Etre femme aujourd'hui,
c'est cultiver un nouvel art de vivre


Barbara Polla, une femme à l’image de tant d’autres, qui fascine par son épanouissement et son libre-arbitre. Elue en octobre dernier conseillère nationale, elle reflète l’esprit éclectique du temps.


Conjuguer vie familiale, professionnelle et sociale est un défi que chaque femme peut relever. Cette gageure n’est désormais plus une lutte, mais un état d’esprit. S’affranchir du pouvoir masculin et de son emprise est une démarche et une prise de conscience accessibles à toute femme qui se respecte. Se sentir libre et trouver en soi les ressources de sa propre puissance. Confiante, évoluer dans son environnement au rythme qui convient. Prendre possession de l’espace en tenant compte des contraintes et des limites. Des assertions réalistes dès lors que l’on arrive à dépasser les interdits que l’on s’impose soi-même et si l’on se donne les moyens de ses ambitions !

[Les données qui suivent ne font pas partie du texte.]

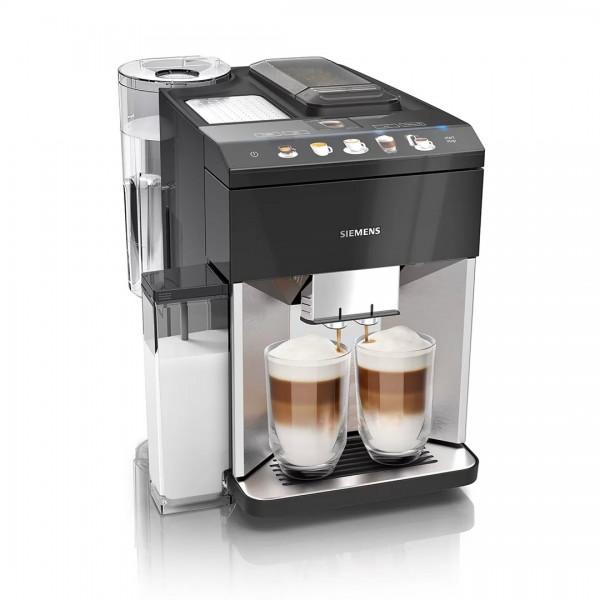 Siemens EQ.500 TQ507R03 coffee maker Fully-auto ...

Aujourd’hui, une femme qui préfère l’être au paraître est celle qui développe le mentoring, l’entraide féminine et l’utilisation adéquate des réseaux. S’exposer, oser se rendre visible, prendre des initiatives et des responsabilités. Appréhender les problèmes avec ouverture d’esprit et créativité. Innover et aller de l’avant en considérant les échecs comme des leviers et non des butoirs. Une mère n’est-elle pas plus rayonnante et un modèle d’identification positive de femme lorsqu’elle s’épanouit dans ses activités plutôt que de se conformer sagement au modèle traditionnel de sa mère ?
Sortir de l’ornière n’est plus un acte subversif, mais une prise de conscience et une responsabilisation personnelle. Femmes, puisez l’énergie dans le bonheur qui vous épanouit et la liberté que vous vous octroyez à vous réaliser au travers de vos passions !

Barbara Polla, femme dynamique, vous aimez observer les gens et être à leur écoute, comment envisagez-vous le pouvoir aujourd’hui ?

Le rapport au pouvoir est une notion individuelle, qui ne dépend pas du sexe. En politique par exemple, le pouvoir est limité, car il existe dans notre démocratie représentative une profonde volonté de ne pas concentrer le pouvoir sur les personnes, tant au niveau législatif qu’exécutif. Je trouve qu’en tant que députée au Grand Conseil ou conseillère nationale, pour moi, le seul pouvoir que j’ai, c’est celui que l’on me délègue. C’est une grande force qui me fait apprécier le système politique en Suisse. Il n’y a ni d’avantage financier, de prestige ou de pouvoir. On est au service de.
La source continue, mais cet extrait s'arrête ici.